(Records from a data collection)
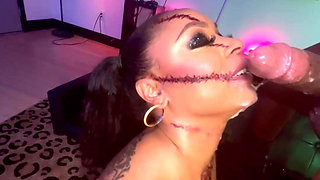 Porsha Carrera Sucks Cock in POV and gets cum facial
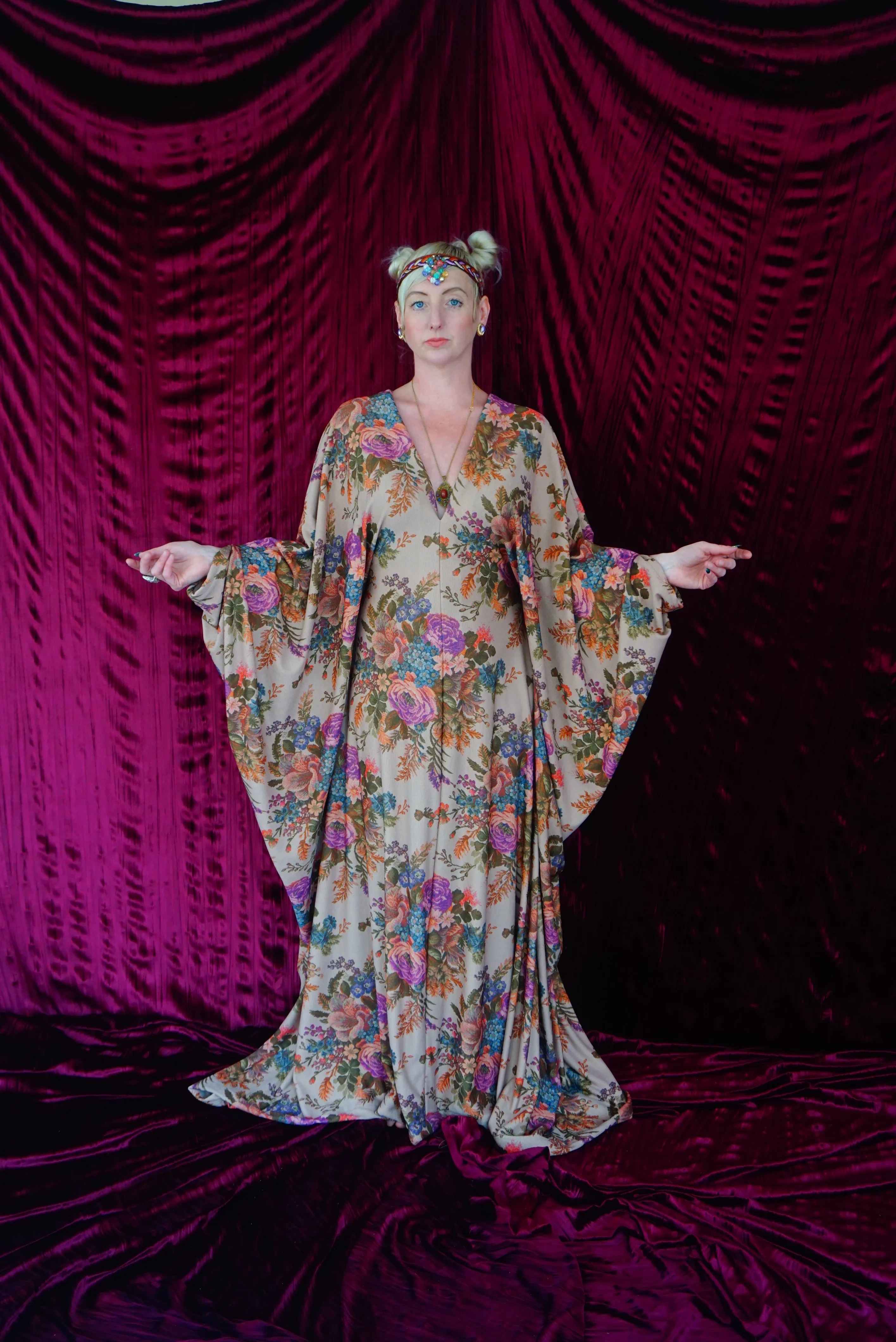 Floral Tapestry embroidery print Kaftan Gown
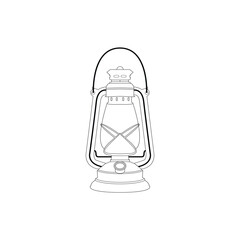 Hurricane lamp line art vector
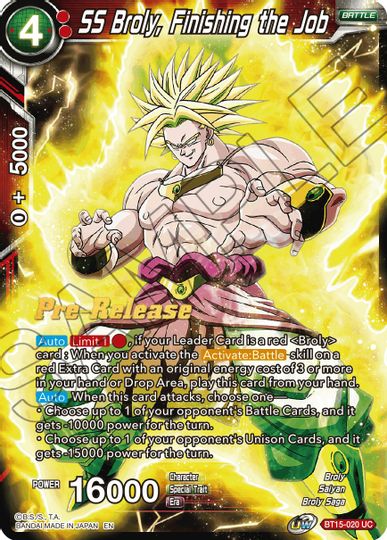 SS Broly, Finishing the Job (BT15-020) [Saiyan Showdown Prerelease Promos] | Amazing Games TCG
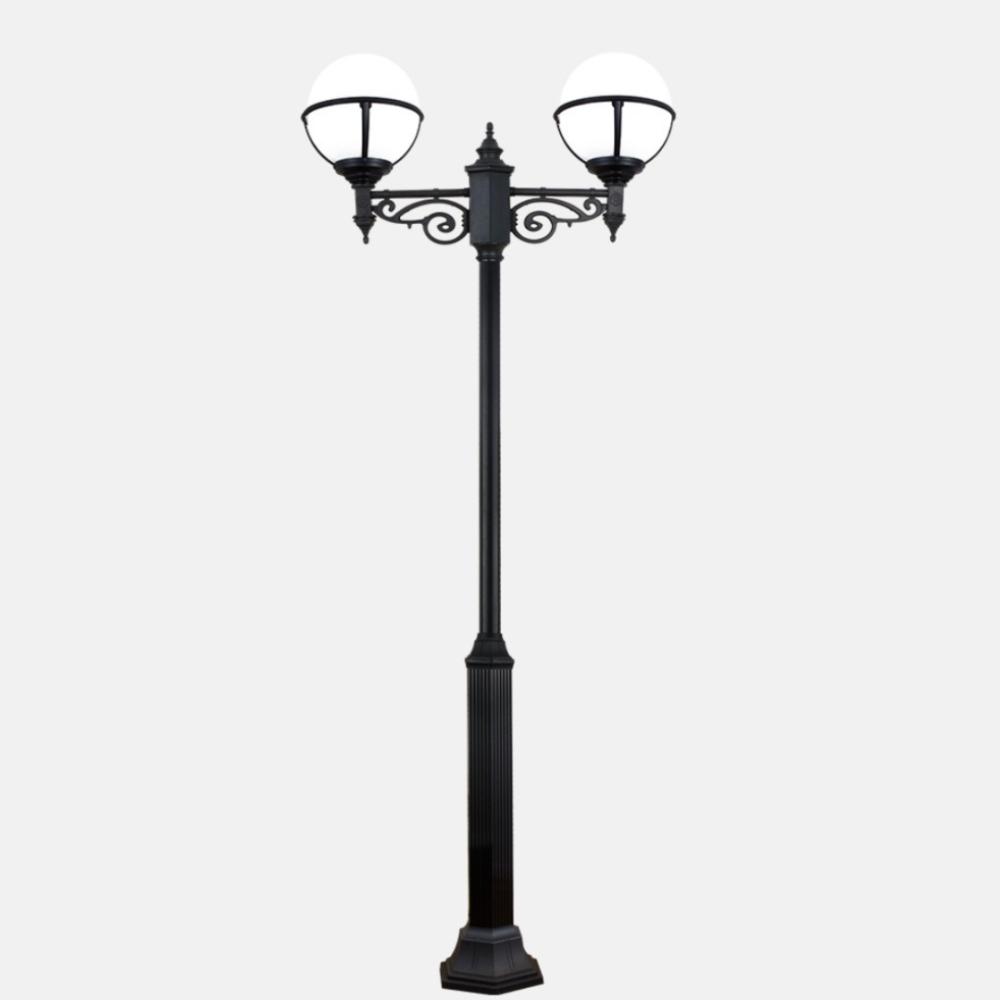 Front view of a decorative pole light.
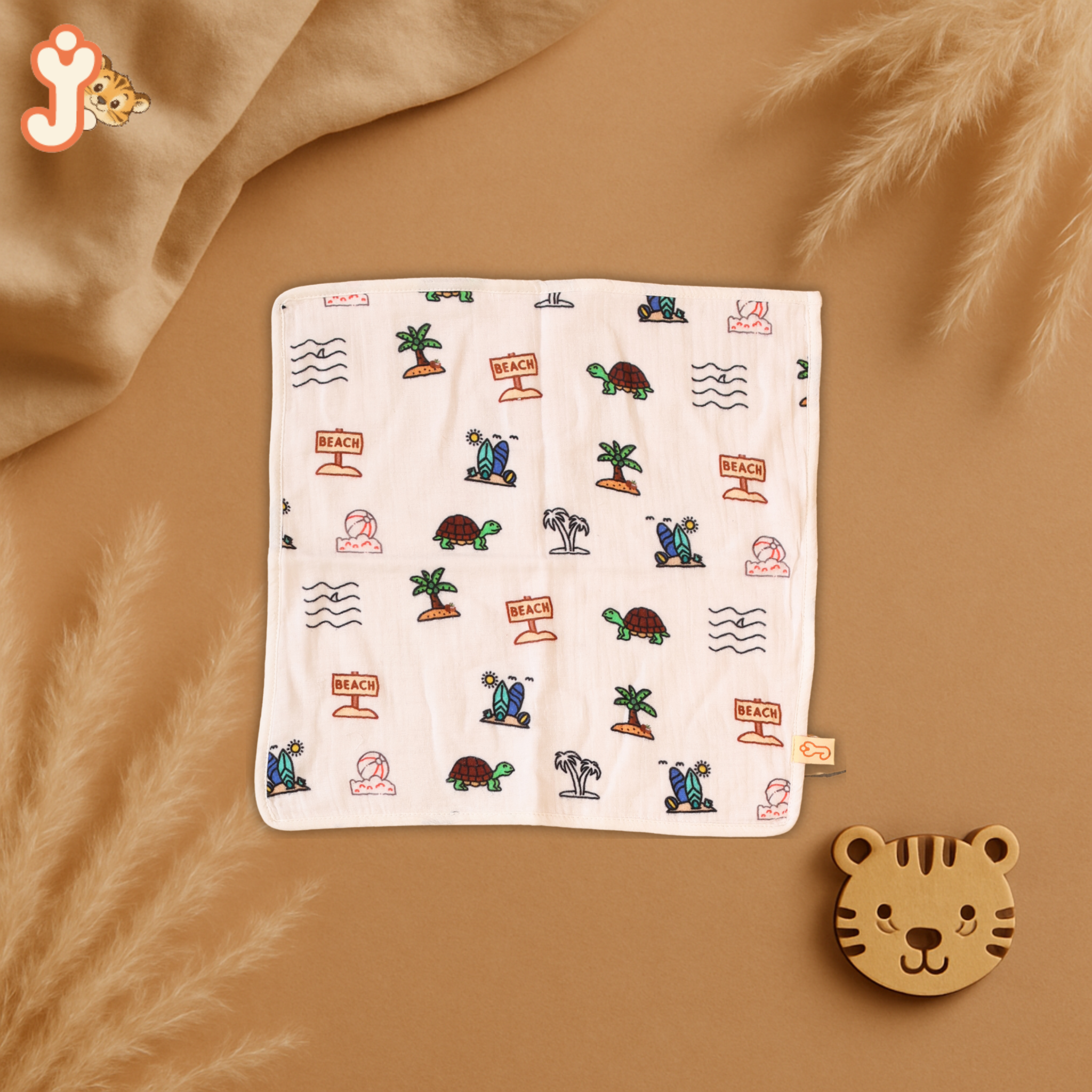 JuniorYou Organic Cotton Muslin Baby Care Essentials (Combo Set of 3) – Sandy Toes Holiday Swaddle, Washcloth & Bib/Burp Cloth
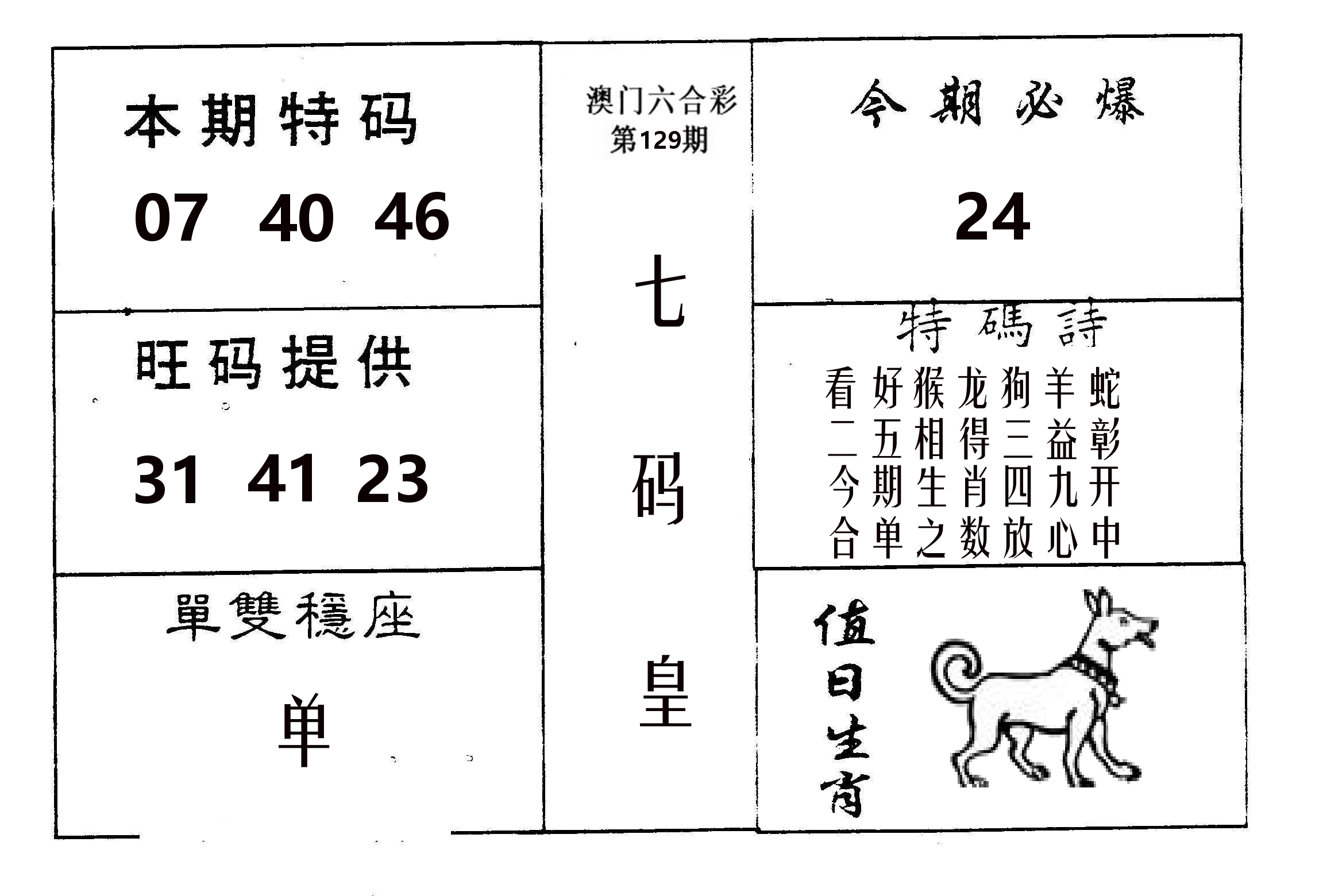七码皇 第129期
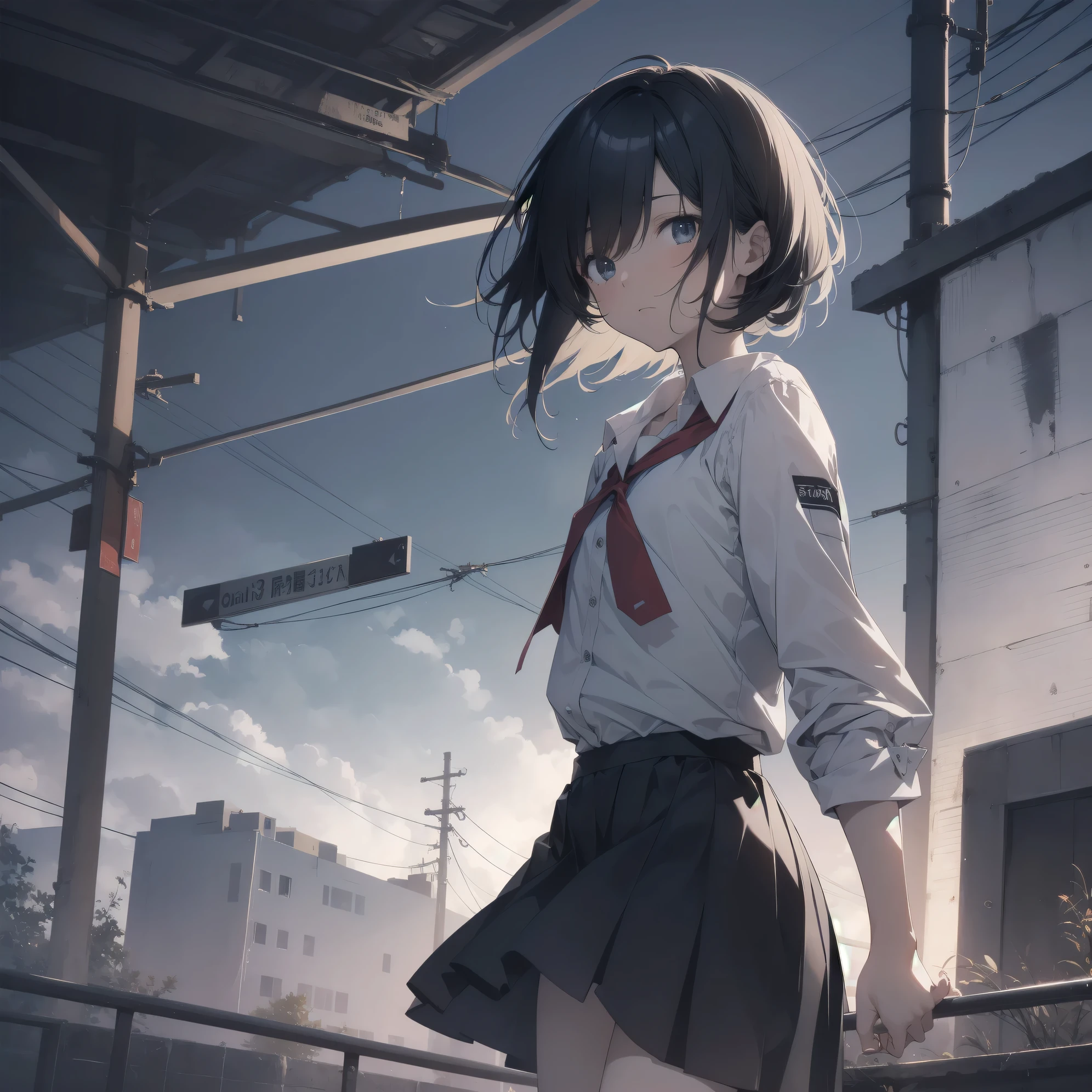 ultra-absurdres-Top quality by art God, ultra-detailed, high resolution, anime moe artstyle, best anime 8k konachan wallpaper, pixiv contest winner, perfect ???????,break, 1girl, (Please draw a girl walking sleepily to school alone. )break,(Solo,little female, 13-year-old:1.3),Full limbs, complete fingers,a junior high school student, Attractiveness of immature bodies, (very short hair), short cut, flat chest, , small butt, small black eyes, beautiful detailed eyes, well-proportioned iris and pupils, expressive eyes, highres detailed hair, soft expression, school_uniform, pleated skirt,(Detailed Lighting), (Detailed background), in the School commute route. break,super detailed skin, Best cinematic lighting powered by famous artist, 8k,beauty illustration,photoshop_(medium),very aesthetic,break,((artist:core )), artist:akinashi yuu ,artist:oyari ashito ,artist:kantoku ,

• WORK TO BE COMPLETED
Copy out each record shown above without alteration, skipping any picture.

• PROBLEM SOLUTION
 Porsha Carrera Sucks Cock in POV and gets cum facial
 Floral Tapestry embroidery print Kaftan Gown
 Hurricane lamp line art vector
 SS Broly, Finishing the Job (BT15-020) [Saiyan Showdown Prerelease Promos] | Amazing Games TCG
 Front view of a decorative pole light.
 JuniorYou Organic Cotton Muslin Baby Care Essentials (Combo Set of 3) – Sandy Toes Holiday Swaddle, Washcloth & Bib/Burp Cloth
七码皇 第129期
 ultra-absurdres-Top quality by art God, ultra-detailed, high resolution, anime moe artstyle, best anime 8k konachan wallpaper, pixiv contest winner, perfect ???????,break, 1girl, (Please draw a girl walking sleepily to school alone. )break,(Solo,little female, 13-year-old:1.3),Full limbs, complete fingers,a junior high school student, Attractiveness of immature bodies, (very short hair), short cut, flat chest, , small butt, small black eyes, beautiful detailed eyes, well-proportioned iris and pupils, expressive eyes, highres detailed hair, soft expression, school_uniform, pleated skirt,(Detailed Lighting), (Detailed background), in the School commute route. break,super detailed skin, Best cinematic lighting powered by famous artist, 8k,beauty illustration,photoshop_(medium),very aesthetic,break,((artist:core )), artist:akinashi yuu ,artist:oyari ashito ,artist:kantoku ,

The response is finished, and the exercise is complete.